# DATA TO EXAMINE
________________

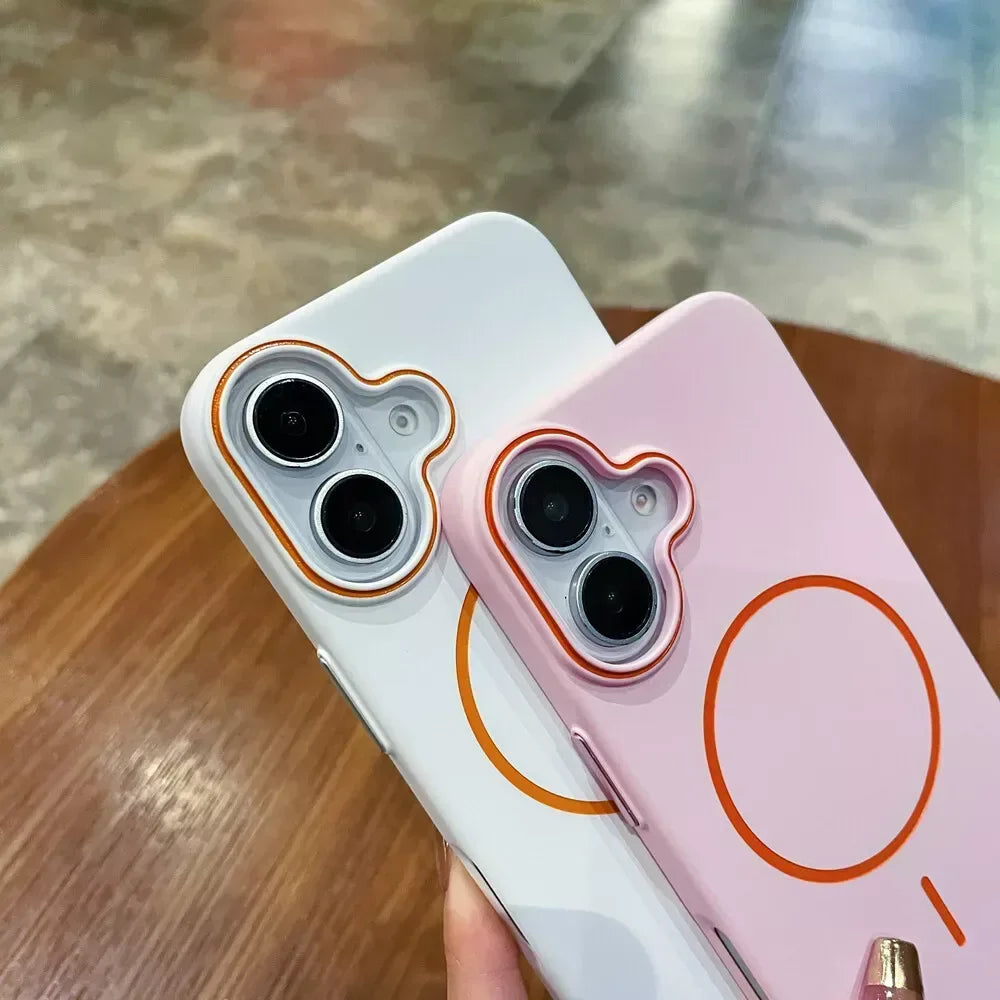 Moonlight Magsafe Case iPhone 16 - Three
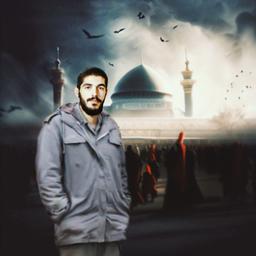 ابراهیم، جایت سبز  است این روزها ...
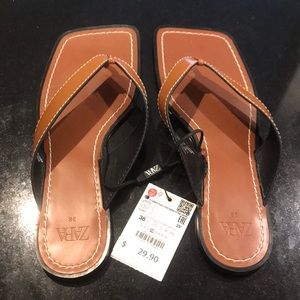 Zara sandals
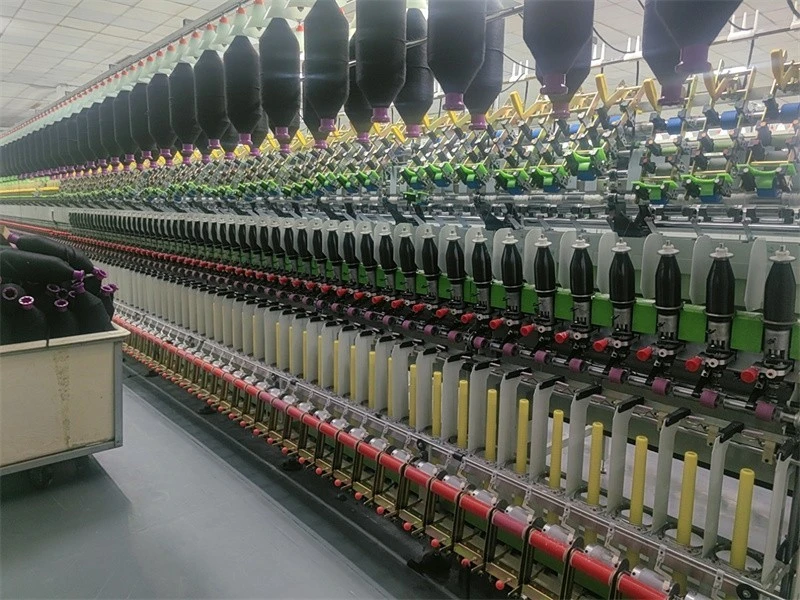 Yarn Machine factory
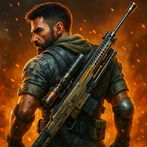 Modern Gun Strike: War Ops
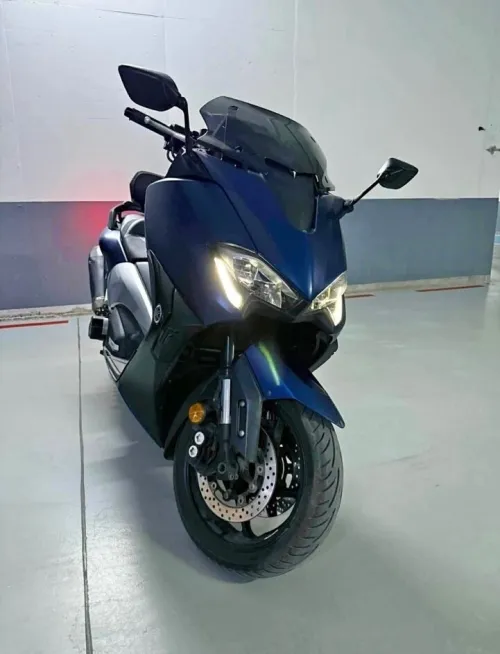 Yamaha Tmax dx 2017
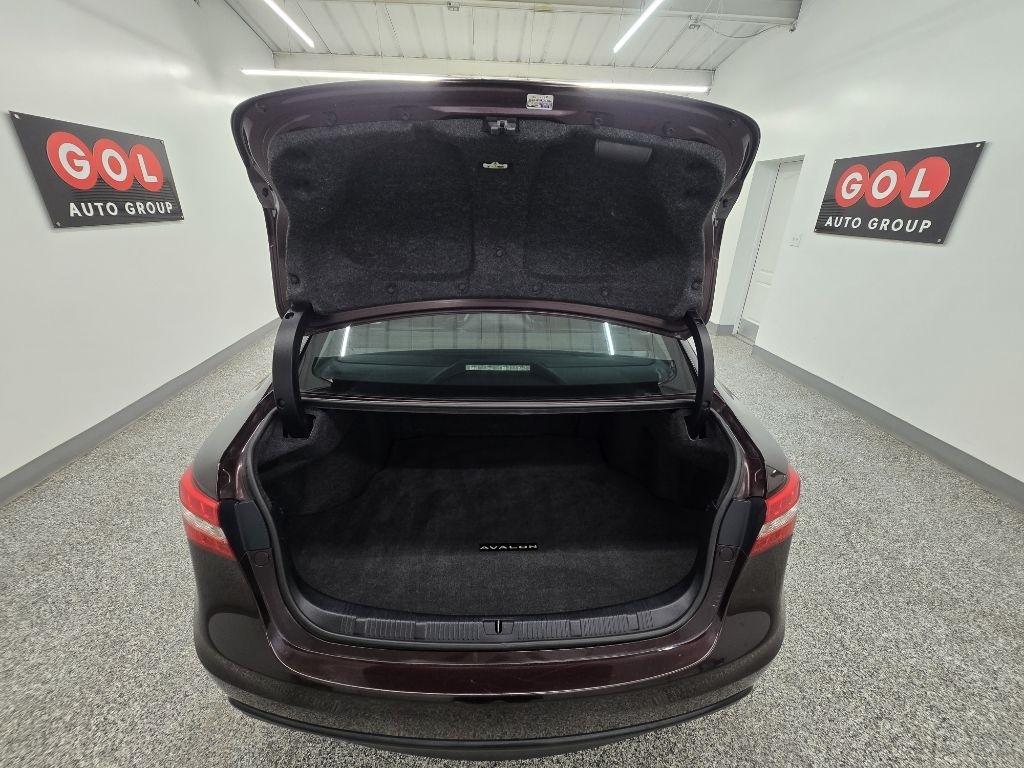 Toyota Avalon XLE Touring SE 2015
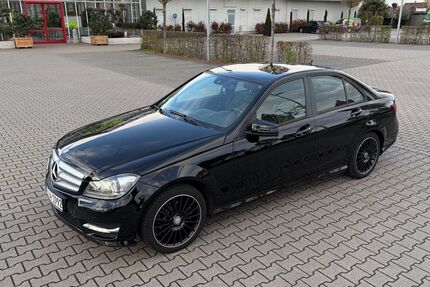 Mercedes-Benz C 250 300.800 km 5.800 &euro; Mannheim 68307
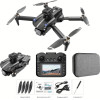 ToySky S182GPs Drone 4K ������ �� ����������� �� ����� 4,5'' (5G WiFi/������� ��������) - (04803)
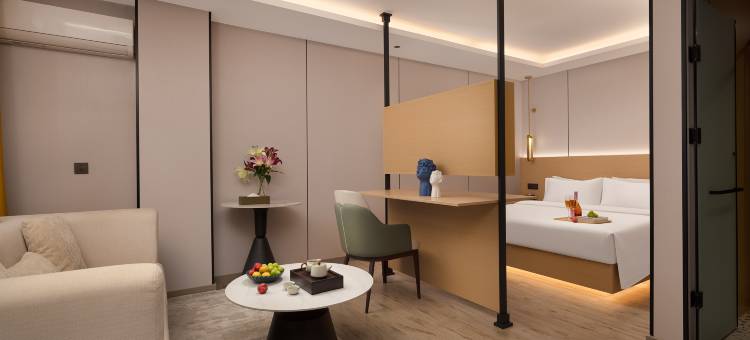 悦峰酒店(唐山玉田暖泉路店)图片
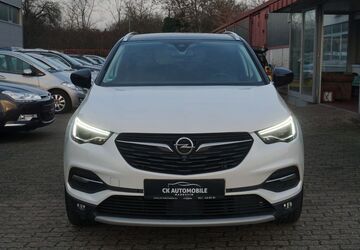 Opel Grandland (X) 54.000 km 20.490 &euro; Mannheim 68309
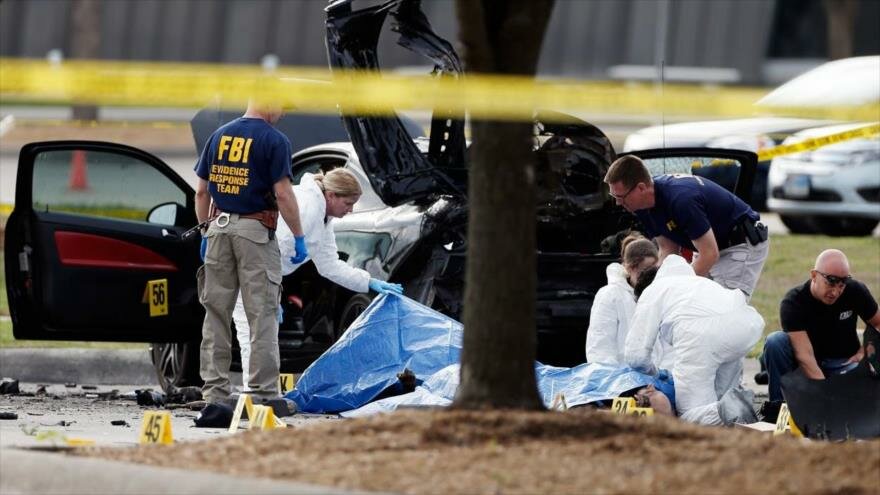 Tiroteo en Florida fue un acto de terrorismo: FBI
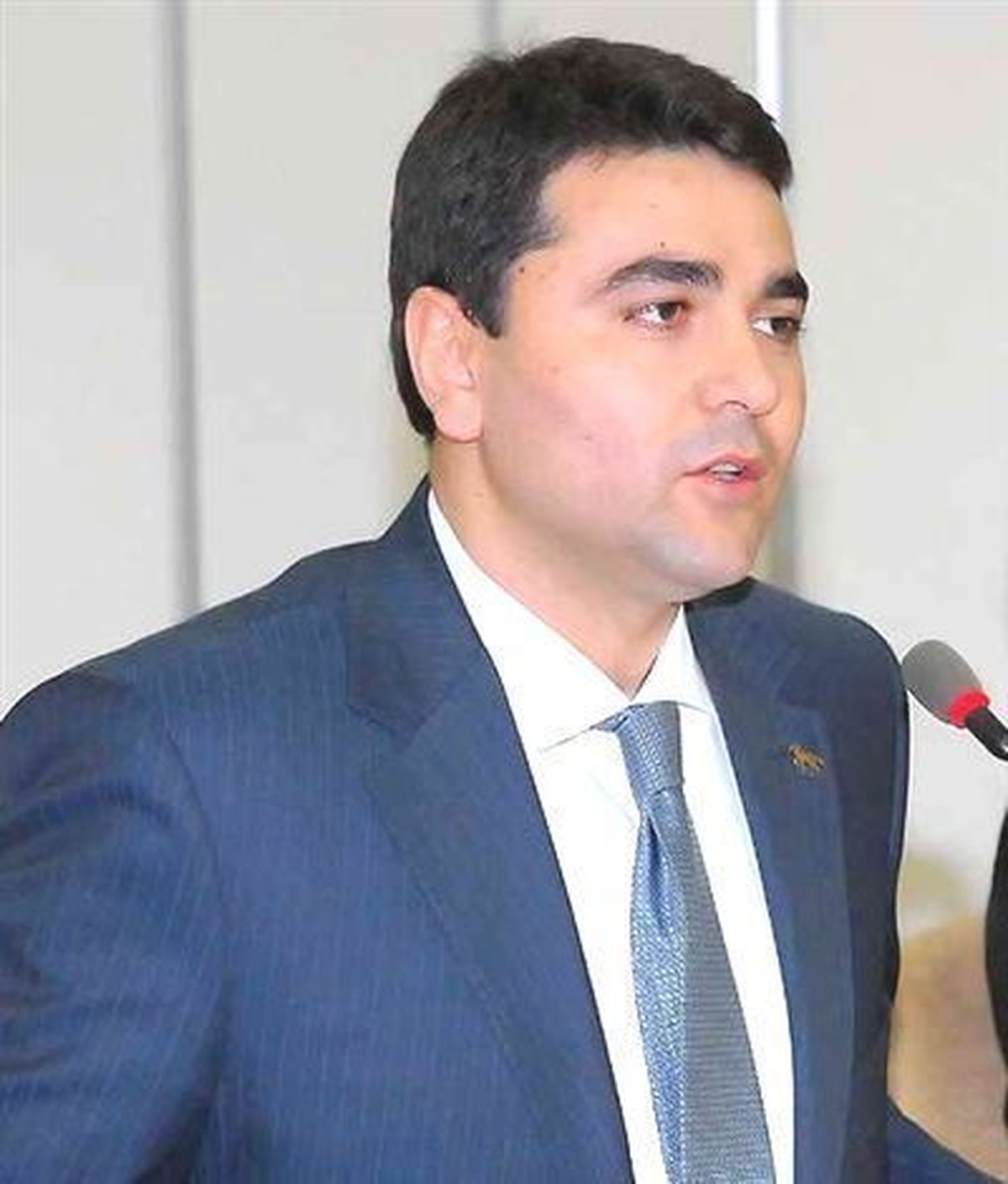DP Genel Başkanı Uysal, Elazığ\'da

________________

# DIRECTIONS FOR THIS TASK
Each line from the one containing "悦峰酒店(唐山玉田暖泉路店)图片" through the last line of the entries above is to be extracted exactly. Pictures are not part of the copy.

# FINISHED EXERCISE
 悦峰酒店(唐山玉田暖泉路店)图片
 Opel Grandland (X) 54.000 km 20.490 &euro; Mannheim 68309
 Tiroteo en Florida fue un acto de terrorismo: FBI
DP Genel Başkanı Uysal, Elazığ\'da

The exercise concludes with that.